Standards Across the United States
Twenty-nine states currently have some form of renewable portfolio standard (RPS). While many states, such as New York and California have set increased requirements over time, some states are rolling back standards.
In New York, renewable energy targets have increased since the passage of the Climate Leadership Community Protection Act (CLCPA) in 2019, which mandates that 70% of the state’s energy needs are met by renewable resources by 2030 and 100% emissions-free resources by 2040. Additionally, the CLCPA sets specific targets for offshore wind, solar, and energy storage. California has an RPS requiring 60% clean energy by 2030 and 100% clean energy by 2045.
West Virginia and Ohio have taken a different approach. In 2015, West Virginia became the first state to repeal its RPS (which technically could have been met through fossil fuel technologies). In 2019, Ohio’s legislature passed a bill that will eliminate the state’s 12.5% RPS by 2027 while simultaneously imposing monthly charges on utility customer bills to support struggling nuclear and coal power plants.
How Regulations and Policies Could Slow the Clean Energy Transition
Leaving the Paris Agreement
When the withdrawal process is complete later this year, the U.S. will be the only nation to have left the Paris Agreement. Analysis by Climate Action Tracker, an independent research group, showed that the global pledged reductions were not significant enough to avoid more than 2 degrees Fahrenheit warming. This will now be made more challenging as the U.S., which had pledged to reduce emissions by around 25% by 2025 (compared to 2005 levels), leaves. This was the first step in a series of energy and environmental policy rollbacks by the current administration, a number of which make it easier for facilities to avoid emissions regulations.

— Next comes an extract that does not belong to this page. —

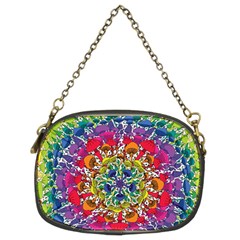 Rainbow Mushroom Mandala Chain Purse (two Sides)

ISO Capacity Market Design
Recent FERC orders in NYISO and PJM that hinder the participation of storage and renewables in capacity markets suggest that there is still work to be done in determining how to appropriately value these resources. As they currently stand, the NYISO and PJM capacity markets both, albeit through slightly different mechanisms, essentially require state-subsidized new resources to bid into their respective capacity markets at higher prices than can clear, while fossil fuel plants’ bids will clear and replace renewable resources that may have otherwise cleared.
The importance of appropriate valuation and market design is highlighted by states like New Jersey and Illinois considering alternatives to the PJM capacity market over concern that its Minimum Offer Price Rule will keep states from meeting clean energy goals. New Jersey targets 100% carbon-free energy by 2050, and pending legislation in Illinois targets 100% renewable energy by 2050. A redesign of certain elements of capacity markets may need to take place for ISOs’ markets and states’ policies to work in tandem and help facilitate a clean energy transition at the lowest cost to consumers.
Phasedown of the ITC and PTC
In December 2019, the federal government made changes to the Production Tax Credit (PTC) and Investment Tax Credit (ITC) used by wind and solar project developers. The PTC, most commonly used for wind projects, was set to completely expire at the start of 2020 after being phased down from 2016-2019. It was given a one-year extension through 2020 at a slighter higher rate than it was set to expire (60%). The ITC, most frequently used for solar projects, was not given the extension the solar community was hoping for and is set to phase down to 10% by 2022. While the economics of renewable projects are becoming increasingly competitive, these tax credits have been a boon to the growth of solar and wind industries in lieu of an official national strategy for a clean energy transition.
While a lack of federal policy may not keep states from reaching their own renewable energy targets one way or another, it does keep the country from the large-scale clean energy transition that will be required to reduce emissions and help the rest of the world limit global warming to the 2 degrees Fahrenheit target.